Мы так долго строили планы. Любовь — это же и есть совместные планы. А может, это только у нас так было. Все было выверено, выяснено и скорректировано. Наша нерелигиозная свадебная церемония. Наши экологические похороны. Мы хотели пожениться в каком-нибудь священном месте, но чтоб на нас не взирало никакое божество, кроме нашей любви, нас самих и, как выражалась Мэдисон, чудесного сообщества близких нам людей.
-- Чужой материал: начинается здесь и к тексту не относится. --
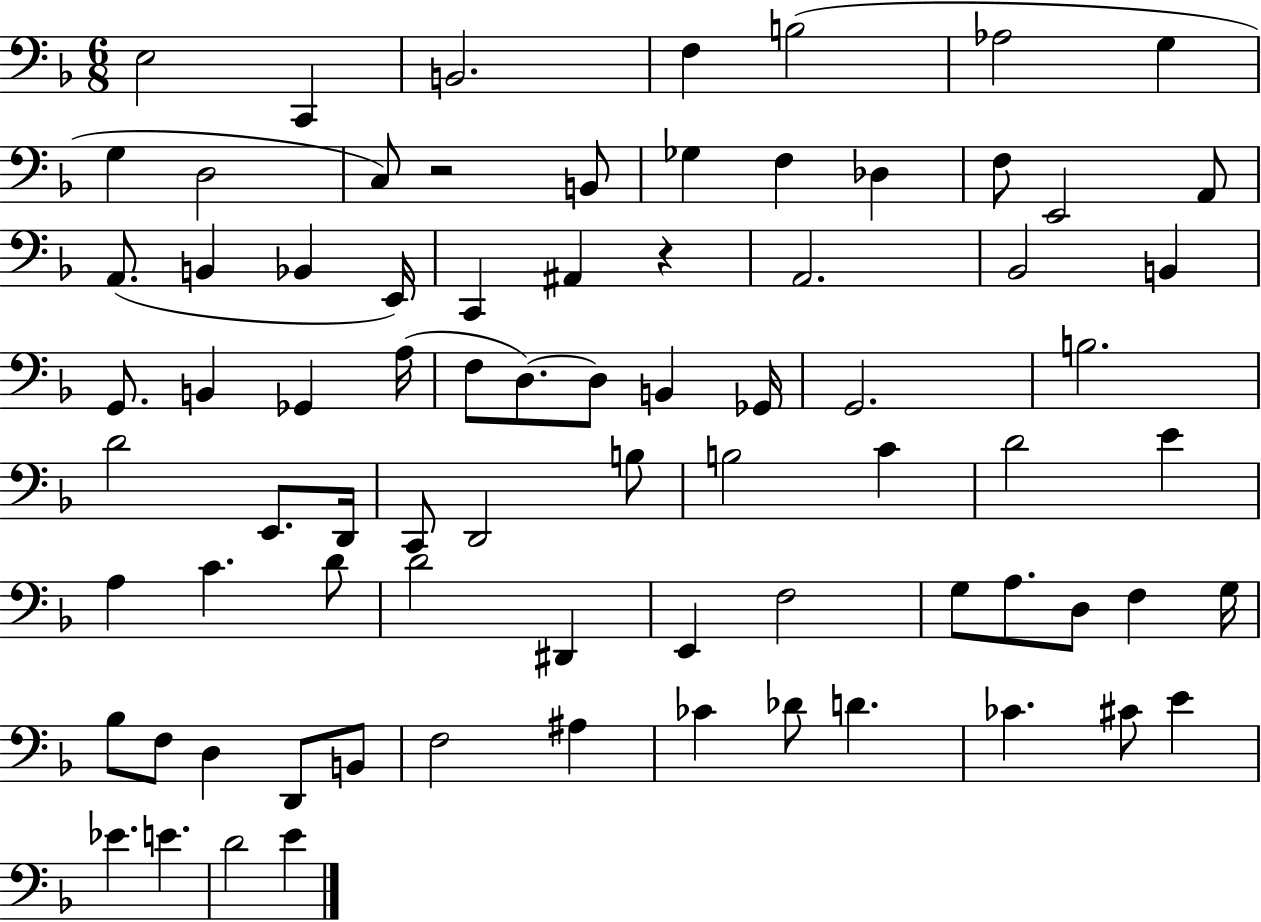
{
  \clef bass
  \numericTimeSignature
  \time 6/8
  \key f \major
  \repeat volta 2 { e2 c,4 | b,2. | f4 b2( | aes2 g4 | \break g4 d2 | c8) r2 b,8 | ges4 f4 des4 | f8 e,2 a,8 | \break a,8.( b,4 bes,4 e,16) | c,4 ais,4 r4 | a,2. | bes,2 b,4 | \break g,8. b,4 ges,4 a16( | f8 d8.~~) d8 b,4 ges,16 | g,2. | b2. | \break d'2 e,8. d,16 | c,8 d,2 b8 | b2 c'4 | d'2 e'4 | \break a4 c'4. d'8 | d'2 dis,4 | e,4 f2 | g8 a8. d8 f4 g16 | \break bes8 f8 d4 d,8 b,8 | f2 ais4 | ces'4 des'8 d'4. | ces'4. cis'8 e'4 | \break ees'4. e'4. | d'2 e'4 | } \bar "|."
}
Мы хотели, чтоб нас похоронили вдали от кладбищ, под деревьями, в муслиновых саванах, ближе к земле, которая легко приняла бы нас; мы хотели, чтобы, во избежание лишних выбросов в атмосферу, родственники устроили по нам светские поминки в городах, где они живут. Мы составили саундтрек на все случаи жизни (ария Лакме вместо свадебного марша; проигрыш из «Лэйлы» Эрика Клэптона для моего похоронного кортежа[135]). Мы решили, что единственный нравственный выбор в сегодняшнем мире — это усыновление, и дискутировали, из какой страны спасем сироту. Иногда, впрочем, Мэдисон говорила: «Может, я еще захочу одного нашего»; или: «Может, и неплохо было бы в соборе обвенчаться». На что я приводил свои логичные и благоразумные доводы.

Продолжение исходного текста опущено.